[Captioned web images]
• • • •

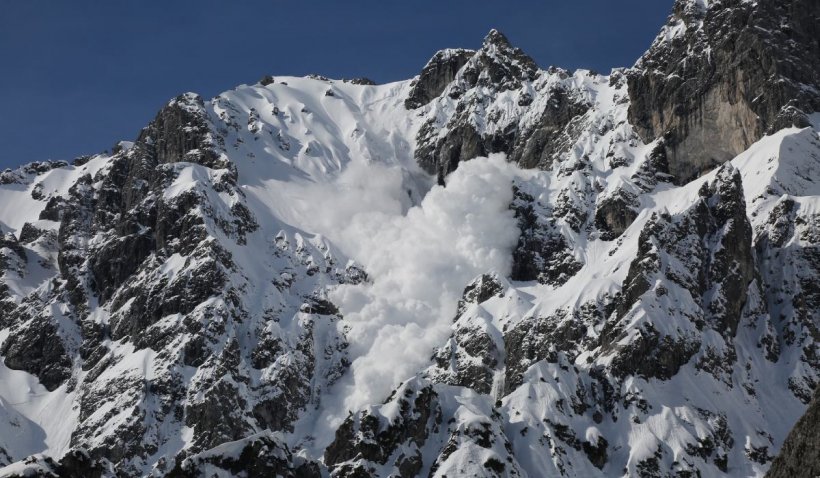 Alertă pentru turiștii aflați în Munții Bucegi, risc însemnat de avalanșă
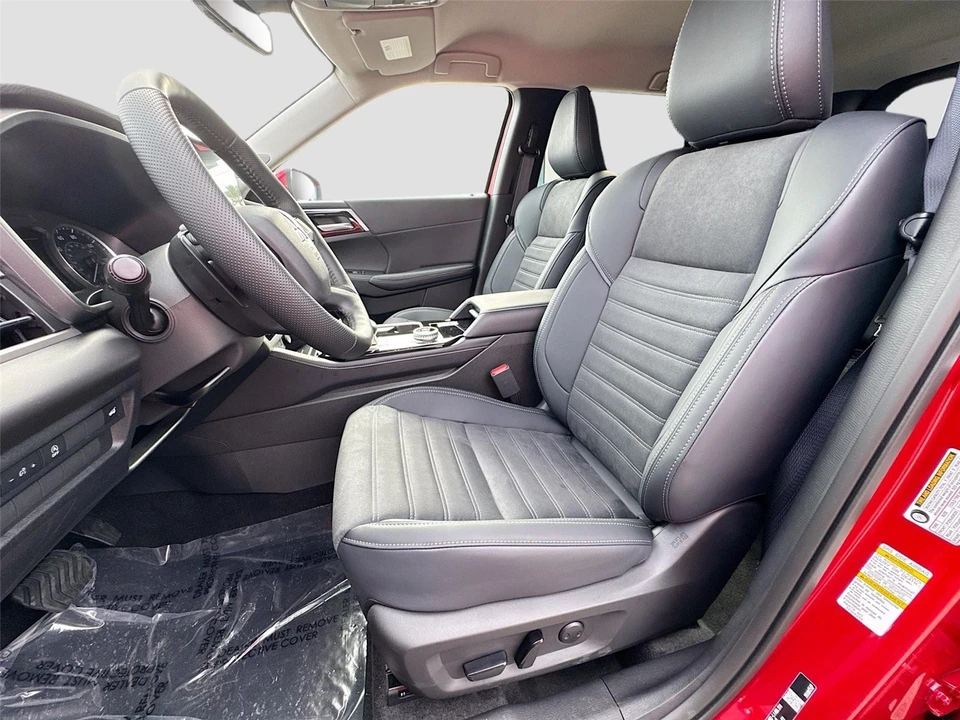 2026 Mitsubishi Outlander - Image 20 of 21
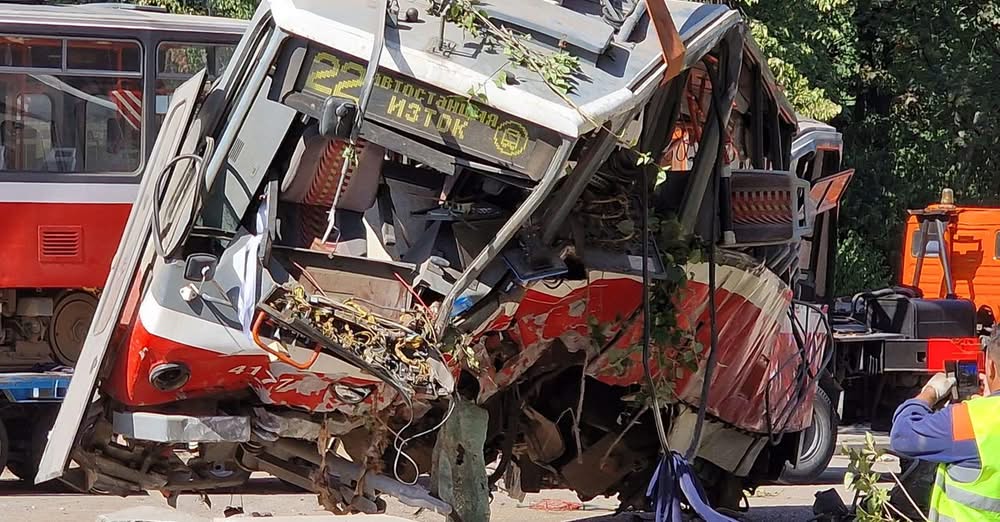 Сутринта получихме сигнал че има дерайлировка дойдохме на място и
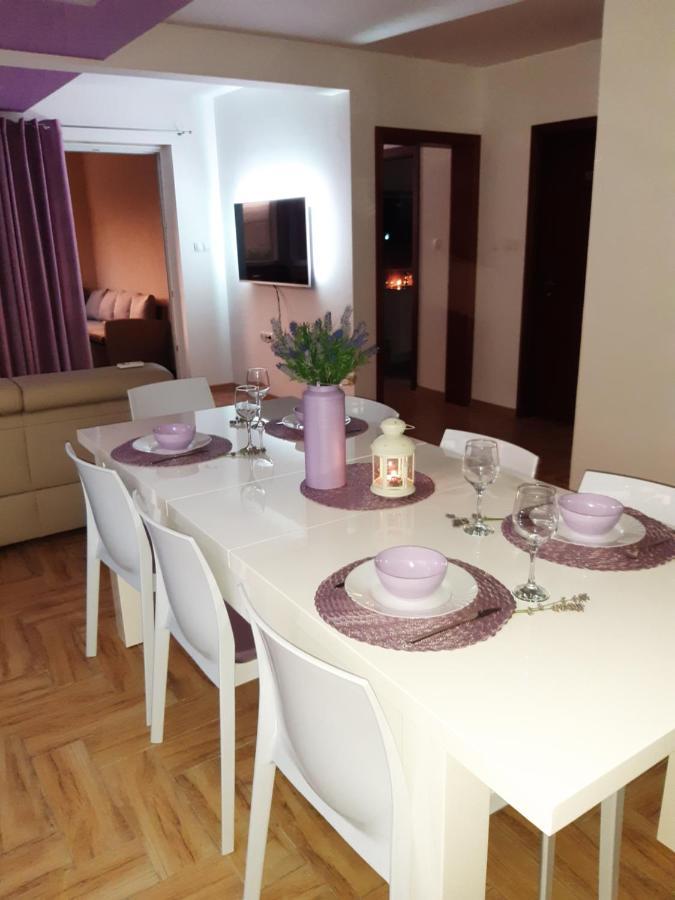 Apartment Dinko โรวานิสกา ภายนอก รูปภาพ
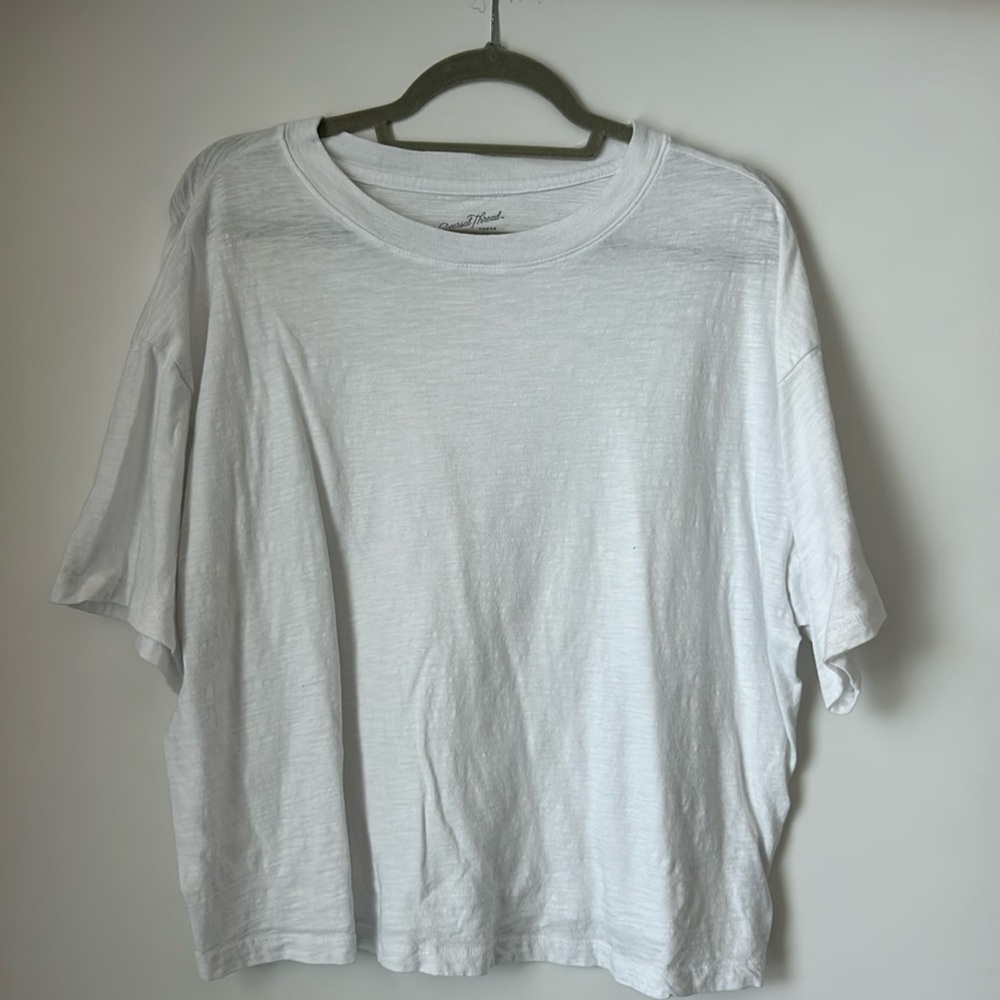 Universal Threads White crop top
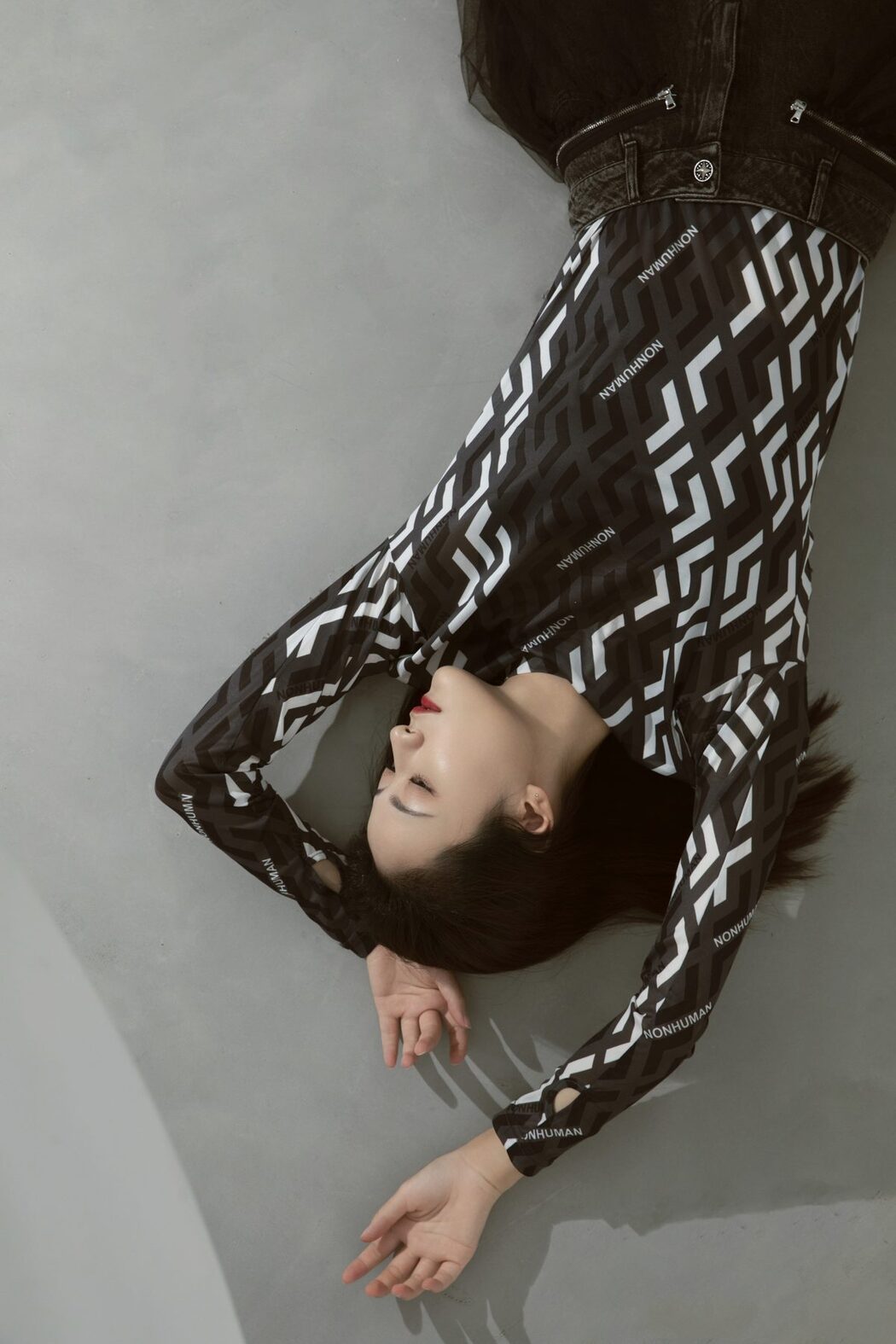 YiTuYu艺图语 Vol.5517 Zhou Xu Xu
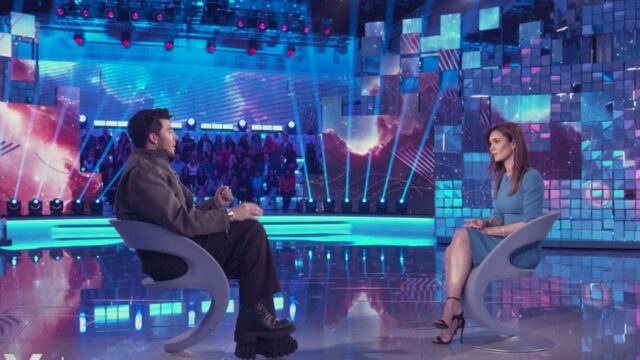 “Lei mi ha salvato” Il cantante si commuove e scoppia in lacrime per lei
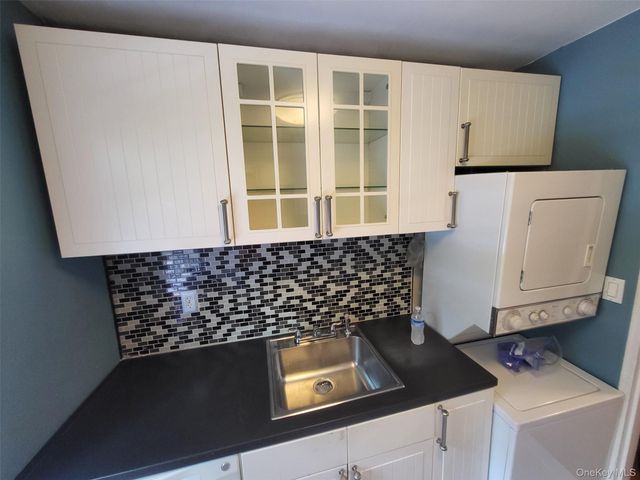 224-23 Kingsbury Avenue B, Oakland Gardens, NY 11364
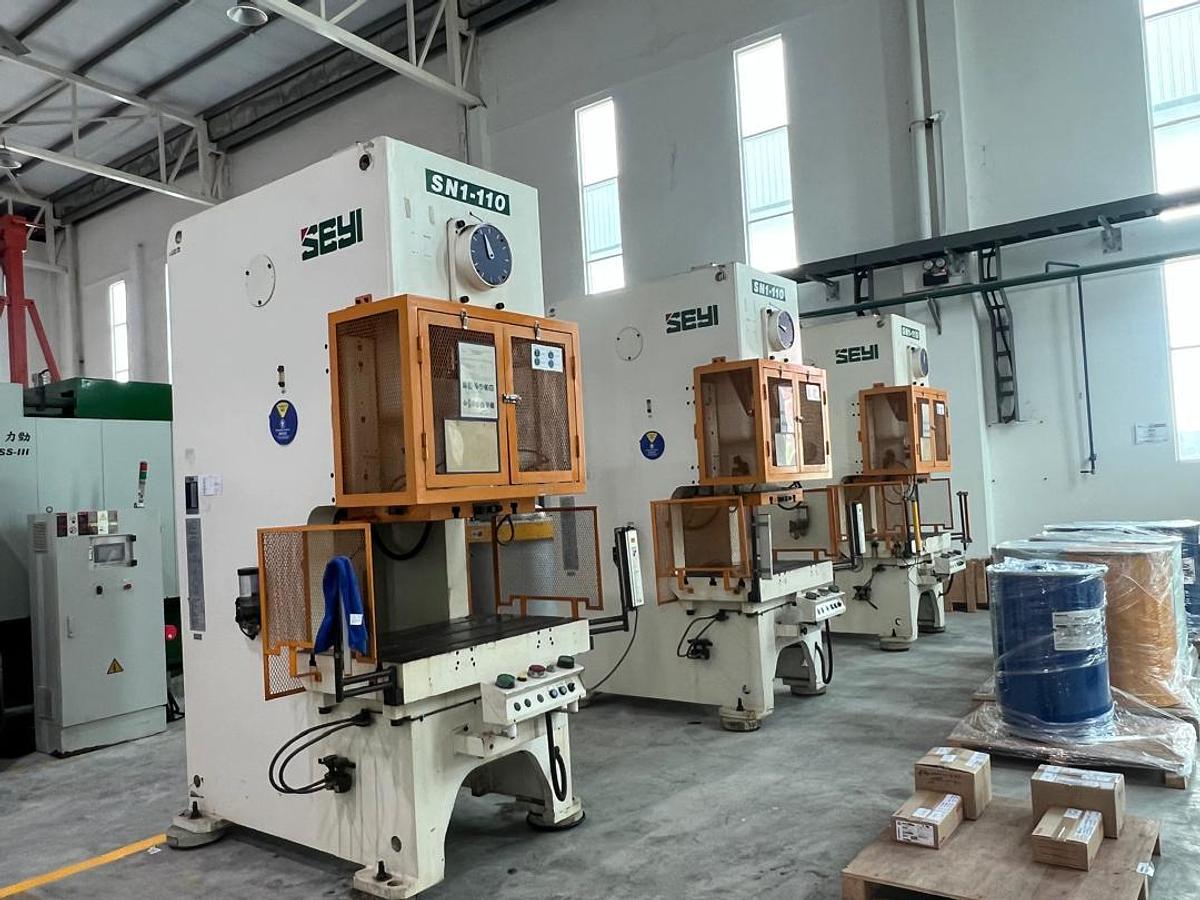 Used Seyi SN1-110 Stamping Press Year 2017
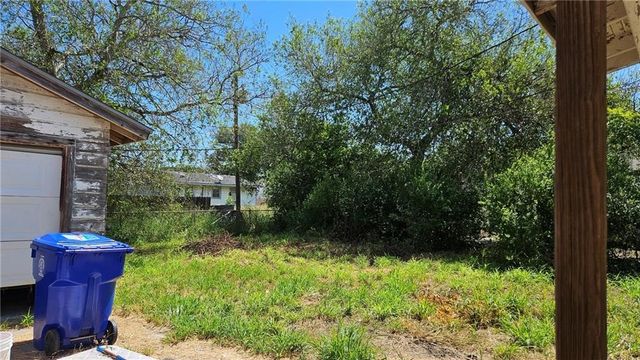 1638 Birch Pl, Corpus Christi, TX 78416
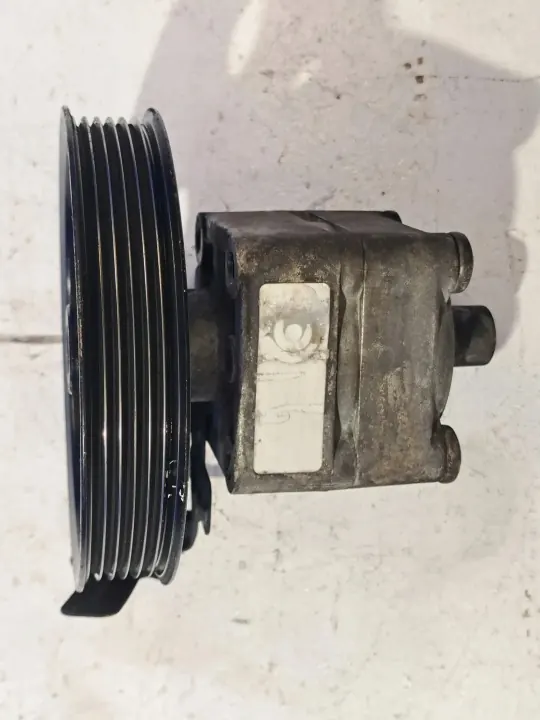 Direction assistée Volvo OEM 8251735 pour S60 I 2.4L Diesel image 4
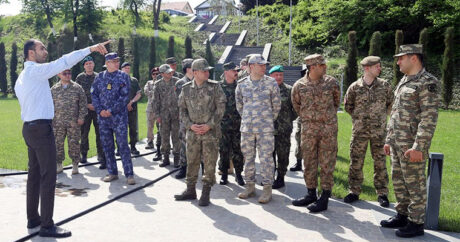 Военные атташе посетили воинскую часть ВС Азербайджана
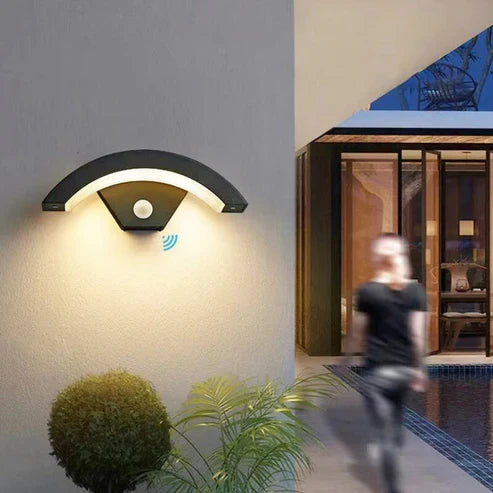 black outdoor wall light
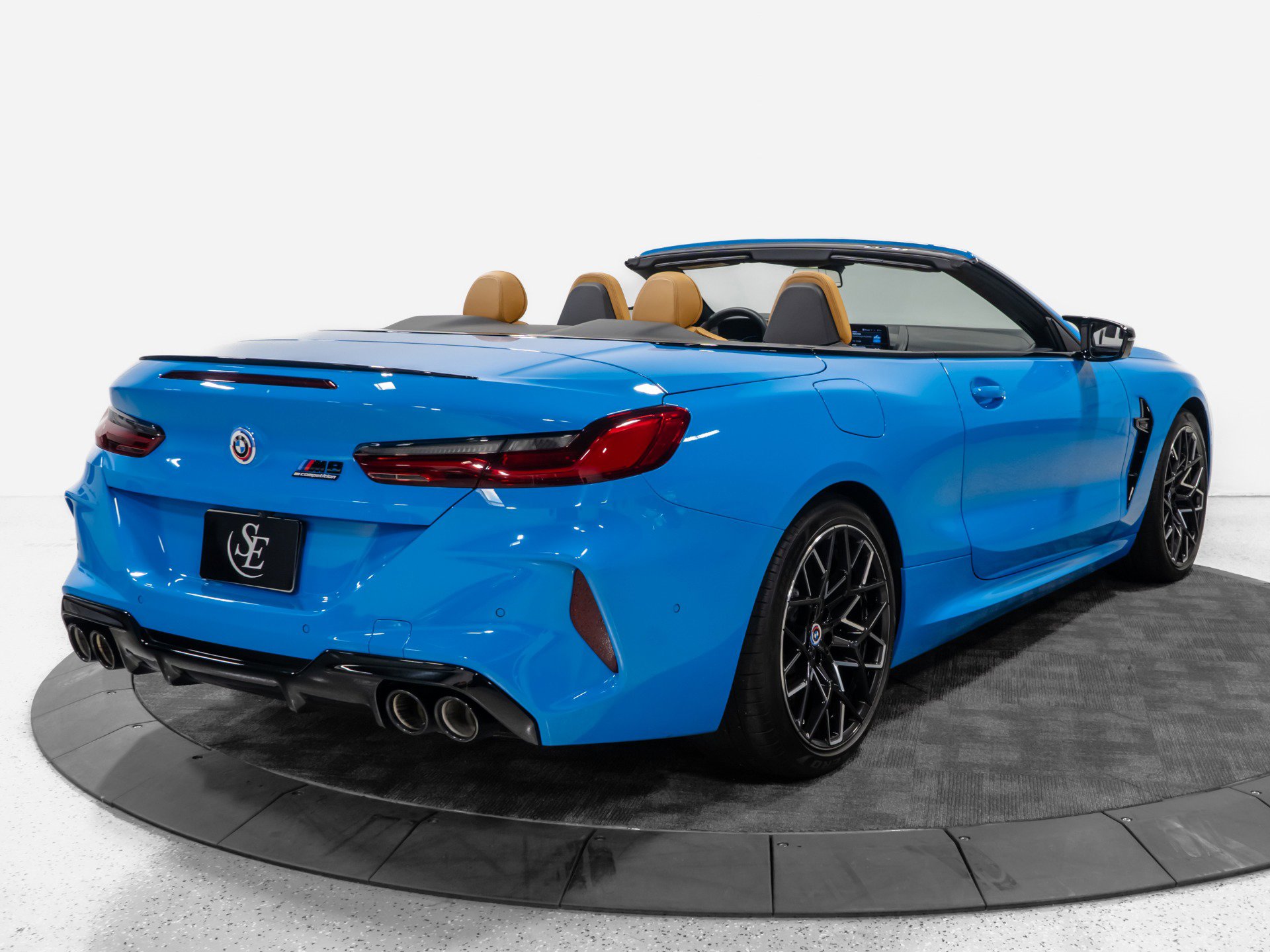 Used 2023 BMW M8 Competition AWD/4WD image 14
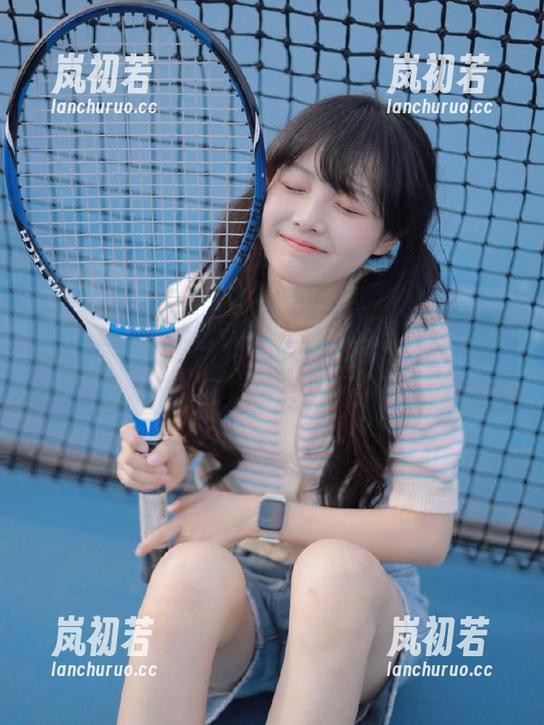 pans-夏涵 pans - 夏涵套装写真原图,图册记录每一个细腻瞬间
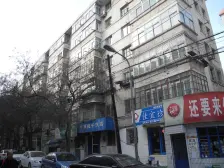 仁恒国际公交站旁 框架楼 有小区 小区有幼儿园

• • • •

*Task prompt*.
Write out exactly the lines from the one containing "Военные атташе посетили" to the last line of the records above, both included, and leave out any pictures.

*Task response*.
 Военные атташе посетили воинскую часть ВС Азербайджана
 black outdoor wall light
 Used 2023 BMW M8 Competition AWD/4WD image 14
 pans-夏涵 pans - 夏涵套装写真原图,图册记录每一个细腻瞬间
 仁恒国际公交站旁 框架楼 有小区 小区有幼儿园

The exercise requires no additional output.